_WHAT IS REQUIRED_. Print out every record below, exactly as written.

── INPUT RECORDS ──

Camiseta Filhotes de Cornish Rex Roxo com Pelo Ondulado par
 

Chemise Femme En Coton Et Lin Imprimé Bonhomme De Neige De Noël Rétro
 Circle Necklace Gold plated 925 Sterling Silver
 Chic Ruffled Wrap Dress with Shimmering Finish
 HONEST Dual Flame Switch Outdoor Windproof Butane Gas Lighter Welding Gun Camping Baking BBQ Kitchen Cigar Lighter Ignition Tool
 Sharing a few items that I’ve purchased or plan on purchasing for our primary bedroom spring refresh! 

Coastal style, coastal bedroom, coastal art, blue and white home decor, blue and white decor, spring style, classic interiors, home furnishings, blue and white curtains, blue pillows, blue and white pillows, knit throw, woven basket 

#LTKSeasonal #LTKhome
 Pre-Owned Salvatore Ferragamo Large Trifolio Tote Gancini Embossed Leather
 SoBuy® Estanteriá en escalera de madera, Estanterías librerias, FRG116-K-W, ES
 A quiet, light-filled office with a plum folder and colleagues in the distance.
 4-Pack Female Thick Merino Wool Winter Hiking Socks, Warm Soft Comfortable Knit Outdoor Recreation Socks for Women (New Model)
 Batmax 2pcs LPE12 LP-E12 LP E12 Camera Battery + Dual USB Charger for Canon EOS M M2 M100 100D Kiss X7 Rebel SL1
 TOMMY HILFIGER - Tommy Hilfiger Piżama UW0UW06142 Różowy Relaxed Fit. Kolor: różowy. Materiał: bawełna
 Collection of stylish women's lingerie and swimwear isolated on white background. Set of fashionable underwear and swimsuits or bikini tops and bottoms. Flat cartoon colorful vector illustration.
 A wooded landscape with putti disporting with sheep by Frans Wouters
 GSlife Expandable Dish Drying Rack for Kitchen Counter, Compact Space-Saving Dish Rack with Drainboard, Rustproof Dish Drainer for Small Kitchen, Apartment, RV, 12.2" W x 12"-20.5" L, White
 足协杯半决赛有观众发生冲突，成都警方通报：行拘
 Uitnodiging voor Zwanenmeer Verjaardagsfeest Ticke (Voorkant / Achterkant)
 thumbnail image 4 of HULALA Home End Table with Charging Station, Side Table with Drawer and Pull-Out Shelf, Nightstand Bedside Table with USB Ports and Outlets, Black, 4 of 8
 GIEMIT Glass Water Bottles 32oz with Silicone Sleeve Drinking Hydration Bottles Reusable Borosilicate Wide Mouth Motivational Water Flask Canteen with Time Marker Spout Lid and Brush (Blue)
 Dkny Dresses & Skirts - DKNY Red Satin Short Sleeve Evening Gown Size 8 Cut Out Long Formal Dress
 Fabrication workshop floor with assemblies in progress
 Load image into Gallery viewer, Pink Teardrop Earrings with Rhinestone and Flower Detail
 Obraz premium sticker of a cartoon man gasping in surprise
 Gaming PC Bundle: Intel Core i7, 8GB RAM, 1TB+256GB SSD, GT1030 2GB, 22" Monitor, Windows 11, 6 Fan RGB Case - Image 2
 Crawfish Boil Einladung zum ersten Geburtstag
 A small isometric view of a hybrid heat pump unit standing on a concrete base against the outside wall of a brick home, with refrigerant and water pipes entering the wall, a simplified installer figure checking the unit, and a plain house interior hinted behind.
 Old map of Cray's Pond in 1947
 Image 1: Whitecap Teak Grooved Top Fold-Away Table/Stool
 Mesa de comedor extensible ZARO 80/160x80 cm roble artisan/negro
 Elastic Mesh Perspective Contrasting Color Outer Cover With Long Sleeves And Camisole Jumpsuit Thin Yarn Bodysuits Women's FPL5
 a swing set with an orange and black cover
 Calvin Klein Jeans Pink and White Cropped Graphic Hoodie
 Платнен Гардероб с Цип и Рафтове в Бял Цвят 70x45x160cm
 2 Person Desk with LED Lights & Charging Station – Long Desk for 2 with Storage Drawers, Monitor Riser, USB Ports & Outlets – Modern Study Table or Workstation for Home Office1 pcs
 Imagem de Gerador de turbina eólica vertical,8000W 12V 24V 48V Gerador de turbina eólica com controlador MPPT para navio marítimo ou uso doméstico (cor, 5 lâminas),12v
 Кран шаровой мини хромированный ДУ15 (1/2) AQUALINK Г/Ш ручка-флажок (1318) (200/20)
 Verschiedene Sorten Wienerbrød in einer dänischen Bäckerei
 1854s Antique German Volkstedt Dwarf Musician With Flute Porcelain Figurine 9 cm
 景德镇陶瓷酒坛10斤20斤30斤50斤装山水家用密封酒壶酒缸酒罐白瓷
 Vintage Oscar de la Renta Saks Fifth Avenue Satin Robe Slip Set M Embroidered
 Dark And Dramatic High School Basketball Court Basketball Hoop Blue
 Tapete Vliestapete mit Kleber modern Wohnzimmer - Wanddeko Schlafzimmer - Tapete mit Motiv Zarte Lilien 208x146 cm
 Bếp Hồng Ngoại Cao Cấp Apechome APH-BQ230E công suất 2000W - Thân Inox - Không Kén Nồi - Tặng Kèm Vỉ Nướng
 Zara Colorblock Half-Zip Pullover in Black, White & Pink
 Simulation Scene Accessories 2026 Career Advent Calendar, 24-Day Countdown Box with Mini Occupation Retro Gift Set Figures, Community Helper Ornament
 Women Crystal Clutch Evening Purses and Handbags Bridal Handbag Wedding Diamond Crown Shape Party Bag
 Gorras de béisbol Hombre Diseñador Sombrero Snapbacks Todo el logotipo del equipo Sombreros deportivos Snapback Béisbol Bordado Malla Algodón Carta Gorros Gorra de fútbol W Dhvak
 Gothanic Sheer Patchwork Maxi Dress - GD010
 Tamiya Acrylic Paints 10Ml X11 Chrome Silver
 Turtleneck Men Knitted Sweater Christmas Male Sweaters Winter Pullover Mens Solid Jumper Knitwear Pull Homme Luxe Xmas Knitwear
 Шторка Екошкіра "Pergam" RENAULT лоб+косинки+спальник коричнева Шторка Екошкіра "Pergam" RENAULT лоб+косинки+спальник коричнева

───

_SOLUTION TO THIS EXERCISE_.
Camiseta Filhotes de Cornish Rex Roxo com Pelo Ondulado par
 

Chemise Femme En Coton Et Lin Imprimé Bonhomme De Neige De Noël Rétro
 Circle Necklace Gold plated 925 Sterling Silver
 Chic Ruffled Wrap Dress with Shimmering Finish
 HONEST Dual Flame Switch Outdoor Windproof Butane Gas Lighter Welding Gun Camping Baking BBQ Kitchen Cigar Lighter Ignition Tool
 Sharing a few items that I’ve purchased or plan on purchasing for our primary bedroom spring refresh! 

Coastal style, coastal bedroom, coastal art, blue and white home decor, blue and white decor, spring style, classic interiors, home furnishings, blue and white curtains, blue pillows, blue and white pillows, knit throw, woven basket 

#LTKSeasonal #LTKhome
 Pre-Owned Salvatore Ferragamo Large Trifolio Tote Gancini Embossed Leather
 SoBuy® Estanteriá en escalera de madera, Estanterías librerias, FRG116-K-W, ES
 A quiet, light-filled office with a plum folder and colleagues in the distance.
 4-Pack Female Thick Merino Wool Winter Hiking Socks, Warm Soft Comfortable Knit Outdoor Recreation Socks for Women (New Model)
 Batmax 2pcs LPE12 LP-E12 LP E12 Camera Battery + Dual USB Charger for Canon EOS M M2 M100 100D Kiss X7 Rebel SL1
 TOMMY HILFIGER - Tommy Hilfiger Piżama UW0UW06142 Różowy Relaxed Fit. Kolor: różowy. Materiał: bawełna
 Collection of stylish women's lingerie and swimwear isolated on white background. Set of fashionable underwear and swimsuits or bikini tops and bottoms. Flat cartoon colorful vector illustration.
 A wooded landscape with putti disporting with sheep by Frans Wouters
 GSlife Expandable Dish Drying Rack for Kitchen Counter, Compact Space-Saving Dish Rack with Drainboard, Rustproof Dish Drainer for Small Kitchen, Apartment, RV, 12.2" W x 12"-20.5" L, White
 足协杯半决赛有观众发生冲突，成都警方通报：行拘
 Uitnodiging voor Zwanenmeer Verjaardagsfeest Ticke (Voorkant / Achterkant)
 thumbnail image 4 of HULALA Home End Table with Charging Station, Side Table with Drawer and Pull-Out Shelf, Nightstand Bedside Table with USB Ports and Outlets, Black, 4 of 8
 GIEMIT Glass Water Bottles 32oz with Silicone Sleeve Drinking Hydration Bottles Reusable Borosilicate Wide Mouth Motivational Water Flask Canteen with Time Marker Spout Lid and Brush (Blue)
 Dkny Dresses & Skirts - DKNY Red Satin Short Sleeve Evening Gown Size 8 Cut Out Long Formal Dress
 Fabrication workshop floor with assemblies in progress
 Load image into Gallery viewer, Pink Teardrop Earrings with Rhinestone and Flower Detail
 Obraz premium sticker of a cartoon man gasping in surprise
 Gaming PC Bundle: Intel Core i7, 8GB RAM, 1TB+256GB SSD, GT1030 2GB, 22" Monitor, Windows 11, 6 Fan RGB Case - Image 2
 Crawfish Boil Einladung zum ersten Geburtstag
 A small isometric view of a hybrid heat pump unit standing on a concrete base against the outside wall of a brick home, with refrigerant and water pipes entering the wall, a simplified installer figure checking the unit, and a plain house interior hinted behind.
 Old map of Cray's Pond in 1947
 Image 1: Whitecap Teak Grooved Top Fold-Away Table/Stool
 Mesa de comedor extensible ZARO 80/160x80 cm roble artisan/negro
 Elastic Mesh Perspective Contrasting Color Outer Cover With Long Sleeves And Camisole Jumpsuit Thin Yarn Bodysuits Women's FPL5
 a swing set with an orange and black cover
 Calvin Klein Jeans Pink and White Cropped Graphic Hoodie
 Платнен Гардероб с Цип и Рафтове в Бял Цвят 70x45x160cm
 2 Person Desk with LED Lights & Charging Station – Long Desk for 2 with Storage Drawers, Monitor Riser, USB Ports & Outlets – Modern Study Table or Workstation for Home Office1 pcs
 Imagem de Gerador de turbina eólica vertical,8000W 12V 24V 48V Gerador de turbina eólica com controlador MPPT para navio marítimo ou uso doméstico (cor, 5 lâminas),12v
 Кран шаровой мини хромированный ДУ15 (1/2) AQUALINK Г/Ш ручка-флажок (1318) (200/20)
 Verschiedene Sorten Wienerbrød in einer dänischen Bäckerei
 1854s Antique German Volkstedt Dwarf Musician With Flute Porcelain Figurine 9 cm
 景德镇陶瓷酒坛10斤20斤30斤50斤装山水家用密封酒壶酒缸酒罐白瓷
 Vintage Oscar de la Renta Saks Fifth Avenue Satin Robe Slip Set M Embroidered
 Dark And Dramatic High School Basketball Court Basketball Hoop Blue
 Tapete Vliestapete mit Kleber modern Wohnzimmer - Wanddeko Schlafzimmer - Tapete mit Motiv Zarte Lilien 208x146 cm
 Bếp Hồng Ngoại Cao Cấp Apechome APH-BQ230E công suất 2000W - Thân Inox - Không Kén Nồi - Tặng Kèm Vỉ Nướng
 Zara Colorblock Half-Zip Pullover in Black, White & Pink
 Simulation Scene Accessories 2026 Career Advent Calendar, 24-Day Countdown Box with Mini Occupation Retro Gift Set Figures, Community Helper Ornament
 Women Crystal Clutch Evening Purses and Handbags Bridal Handbag Wedding Diamond Crown Shape Party Bag
 Gorras de béisbol Hombre Diseñador Sombrero Snapbacks Todo el logotipo del equipo Sombreros deportivos Snapback Béisbol Bordado Malla Algodón Carta Gorros Gorra de fútbol W Dhvak
 Gothanic Sheer Patchwork Maxi Dress - GD010
 Tamiya Acrylic Paints 10Ml X11 Chrome Silver
 Turtleneck Men Knitted Sweater Christmas Male Sweaters Winter Pullover Mens Solid Jumper Knitwear Pull Homme Luxe Xmas Knitwear
 Шторка Екошкіра "Pergam" RENAULT лоб+косинки+спальник коричнева Шторка Екошкіра "Pergam" RENAULT лоб+косинки+спальник коричнева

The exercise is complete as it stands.